Task item: Where the line containing "9005/H10: Morimoto 2Stroke" appears, start repeating, and continue exactly through the last line below, adding nothing. Include no pictures.

Data to use:
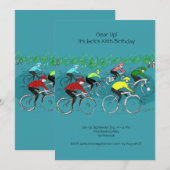 Uitnodiging van de partij van de Cycli van de Dag (Voorkant / Achterkant)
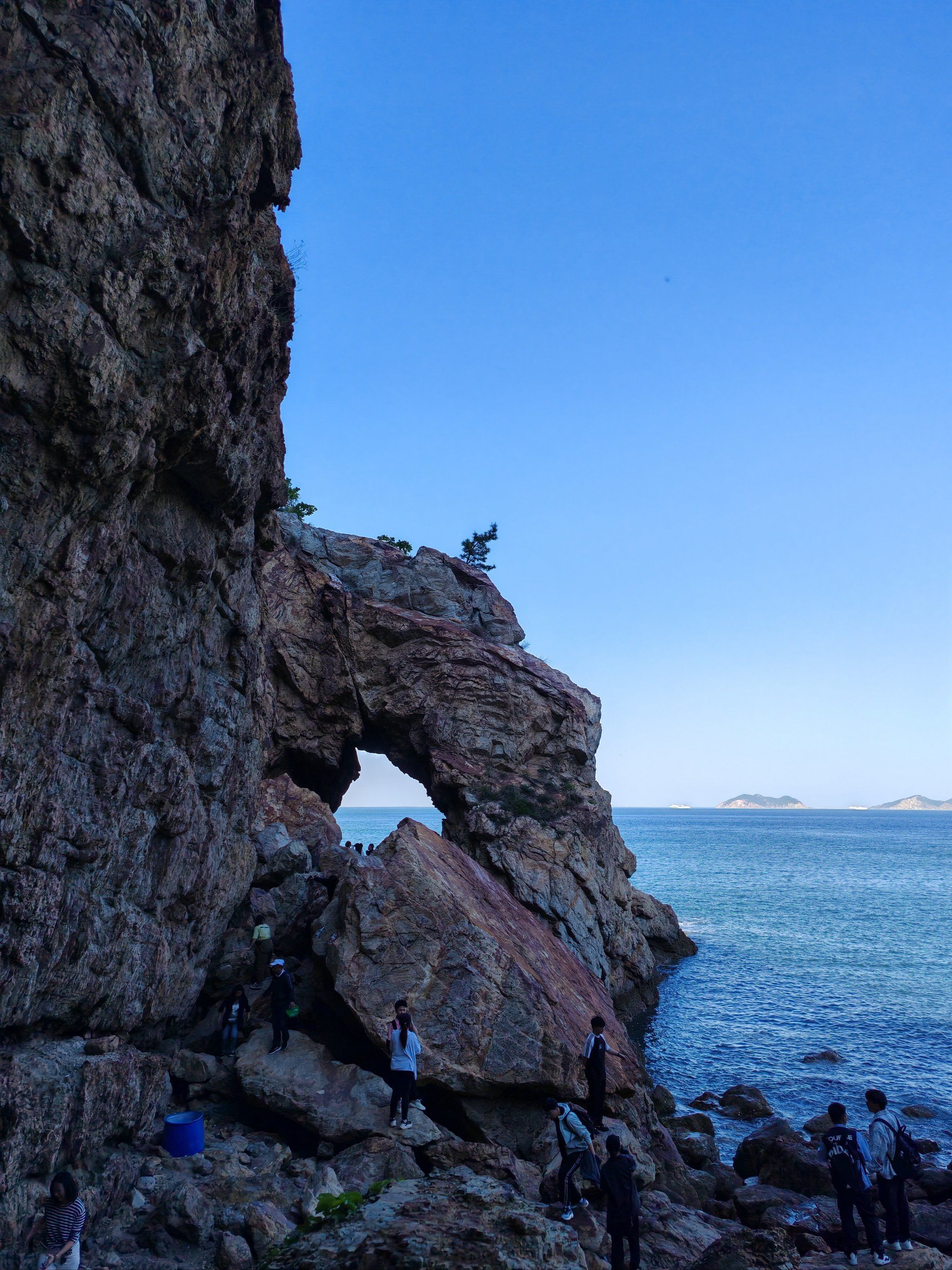大连海之韵圣象天门:自然与历史的交汇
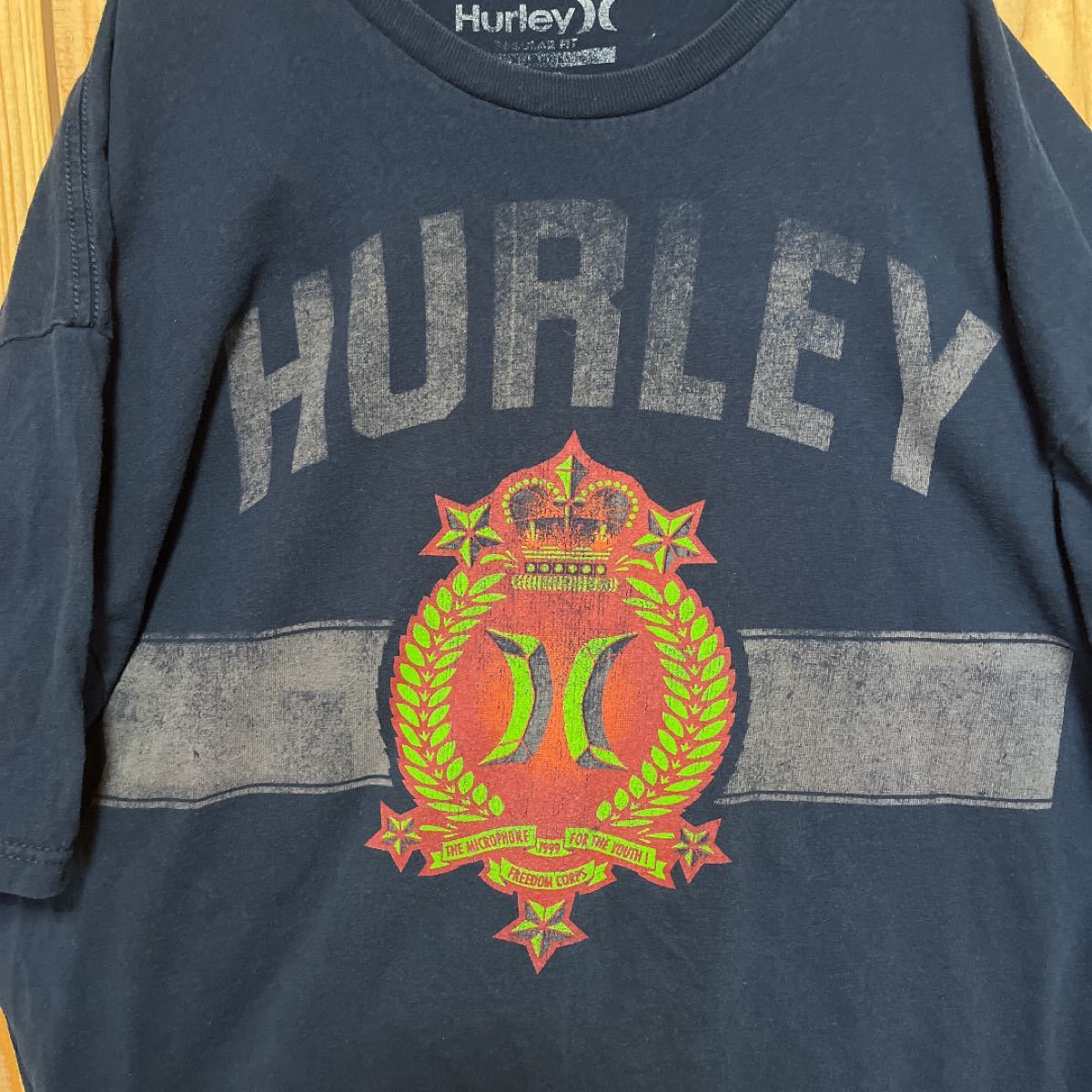 アメリカ輸入　ハーレー　Hurley プリントTシャツ　XL サーファー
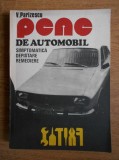 V. Parizescu - Pene de automobil. Simptomatica, depistare, remediere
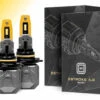 9005/H10: Morimoto 2Stroke 4.0 LED Bulbs (Yellow) -Winnipeg Hid Store 121562.010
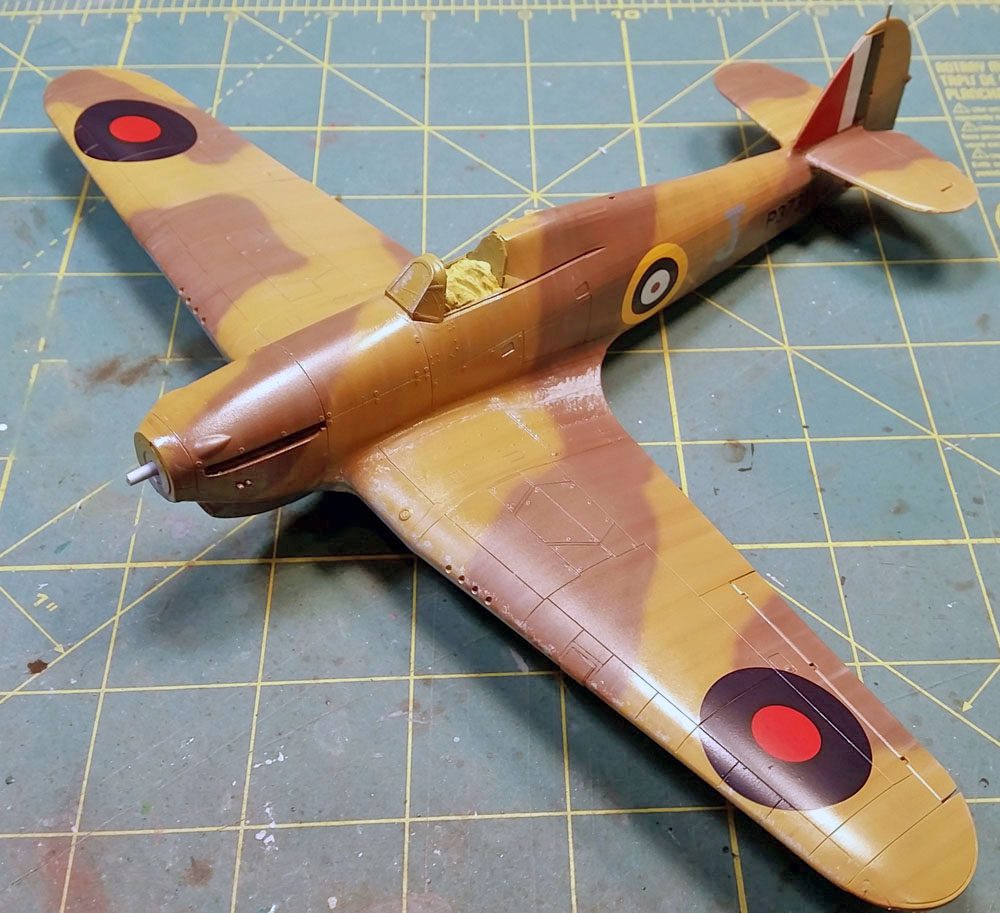 In Progress: Airfix’s 1/48 Hurricane Mk. I- Decals are on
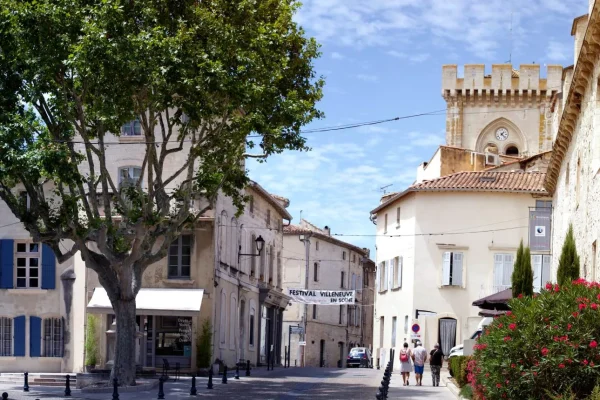 Culture, Villeneuve en scène à Villeneuve lez Avignon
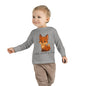 Toddler Long Sleeve Tee – Cheeky Fox Design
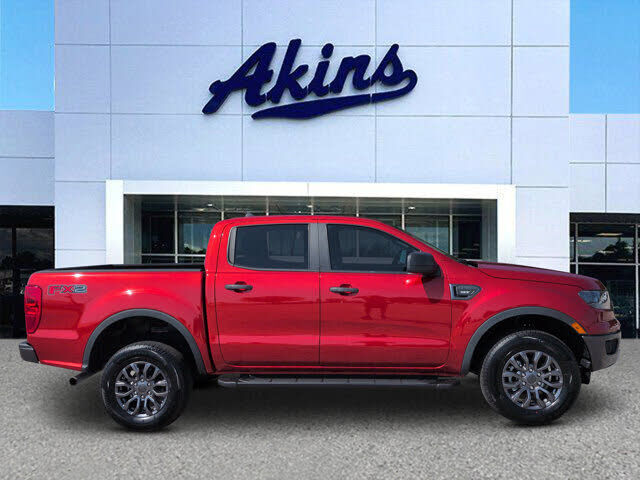 2022 FORD Ranger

Task response:
 9005/H10: Morimoto 2Stroke 4.0 LED Bulbs (Yellow) -Winnipeg Hid Store 121562.010
 In Progress: Airfix’s 1/48 Hurricane Mk. I- Decals are on
 Culture, Villeneuve en scène à Villeneuve lez Avignon
 Toddler Long Sleeve Tee – Cheeky Fox Design
 2022 FORD Ranger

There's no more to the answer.